Let me explain from two angles: one using an analogy with Toyota, and another drawn from my experience advising a real-world Rollup project.
While working at Toyota, I learned a principle from my lean mentor called Genchi Genbutsu (現地現物)—meaning "go and see for yourself." Don't rely solely on dashboards or secondhand reports; go directly to the source and experience reality firsthand. This philosophy profoundly shaped how I analyze ecosystems like Ethereum.
Genchi Genbutsu teaches you to avoid the trap of abstraction.
Data is helpful, yes—but without direct, first-hand experience, data remains incomplete.
I've participated in the launches of several Rollup projects, and each time I've observed the same transformation. And that’s where things get interesting.
Here, I want to introduce a concept: the "orphaned mother."
In philosophy, this term refers to disciplines like physics, mathematics, and economics—all of which originated within philosophy.
Philosophy gave birth to them, but as its "children" grew up, they left. In the end, philosophy became the orphaned mother.
Every new Rollup, L2, or L3 brings Ethereum one step closer to becoming that orphaned mother.
A few years ago, I advised a Rollup project focused on a specific domain. The team were all die-hard Ethereum believers—I had known them since ETH San Francisco back in 2017.
At first, they were idealists.
They used Rollup-as-a-Service providers like @gelatonetwork, @alt_layer, @conduitxyz, or @Calderaxyz—excellent companies that served their clients well.
The setup was incredibly simple: within under 30 minutes, they had their own chain.
And right at that moment, everything began to change.
After launch, their mindset shifted. They were no longer just builders—they became entrepreneurs.
Their focus turned to product, users, community, growth. Their full attention went to their own chain and token.
Alignment with Ethereum? That dropped out of the top ten priorities.
This isn't criticism—it's simply what happens.
When you operate your own chain, your thinking changes. You optimize your own flywheel, your own incentives, your own token.
Ethereum becomes the orphaned mother.
Back to Genchi Genbutsu—go and see for yourself.
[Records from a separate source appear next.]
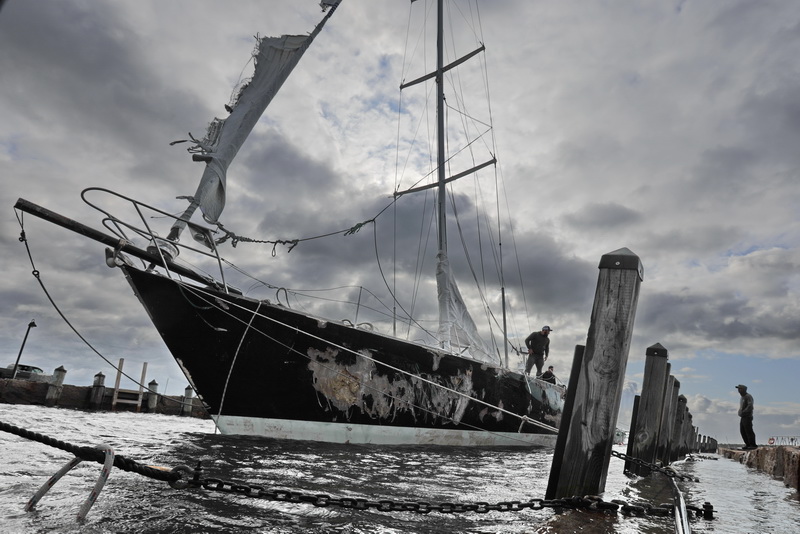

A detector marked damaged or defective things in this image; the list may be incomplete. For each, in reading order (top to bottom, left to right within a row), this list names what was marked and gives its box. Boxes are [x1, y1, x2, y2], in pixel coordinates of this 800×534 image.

damaged black sailboat [12, 0, 564, 448]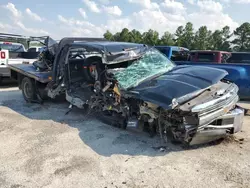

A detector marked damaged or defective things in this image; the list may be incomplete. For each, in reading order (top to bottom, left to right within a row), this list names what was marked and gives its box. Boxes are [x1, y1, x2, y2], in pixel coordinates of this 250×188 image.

wrecked pickup truck [9, 36, 244, 145]
shattered windshield [114, 48, 175, 90]
broken glass [114, 48, 175, 90]
crushed hood [130, 65, 228, 109]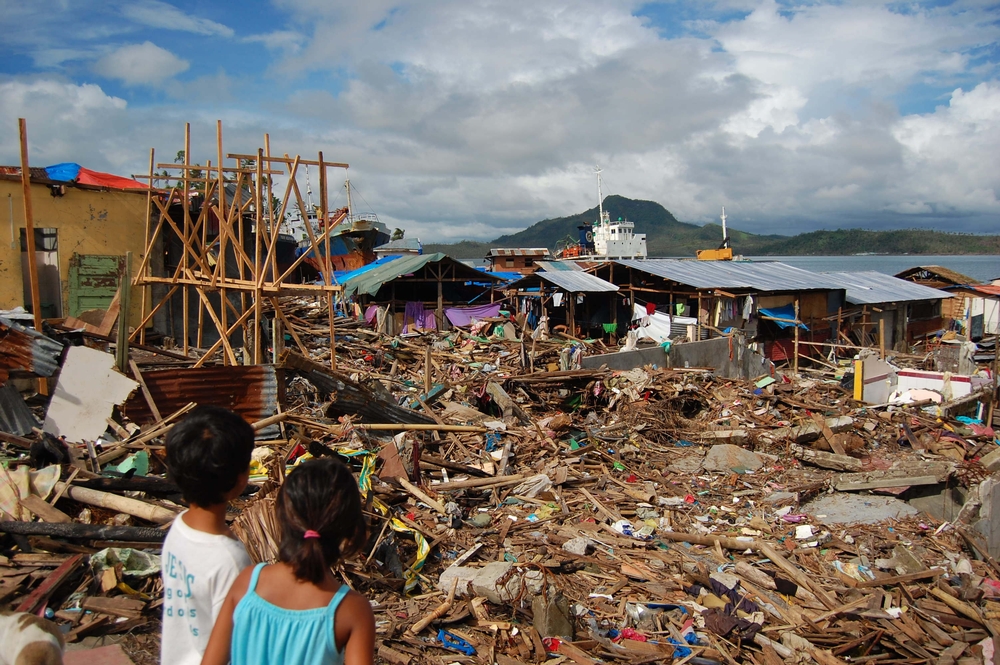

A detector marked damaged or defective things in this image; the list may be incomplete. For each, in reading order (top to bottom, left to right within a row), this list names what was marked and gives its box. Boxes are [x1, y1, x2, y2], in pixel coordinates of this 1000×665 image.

damaged roof [612, 258, 840, 292]
damaged roof [820, 272, 952, 304]
damaged roof [0, 318, 64, 384]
Launch your own Rollup. Use a RaaS. Try growing it. Issue your own token. Experience it firsthand—and you’ll feel how your mindset shifts from ETH-maxi to token founder. You’ll sense the transformation.
Let me summarize:
(1) Launching your own chain transforms you from an Ethereum-aligned builder into a business owner.
(2) This ownership mindset makes ETH optional.
(3) Don’t just take my word—go verify it yourself.
This isn't good or bad. It just *is*. But if Ethereum wants to avoid becoming the orphaned mother in the modular stack, it must confront this dynamic head-on.
In this model, the ETH asset is indeed diluted. The question is: how do we respond?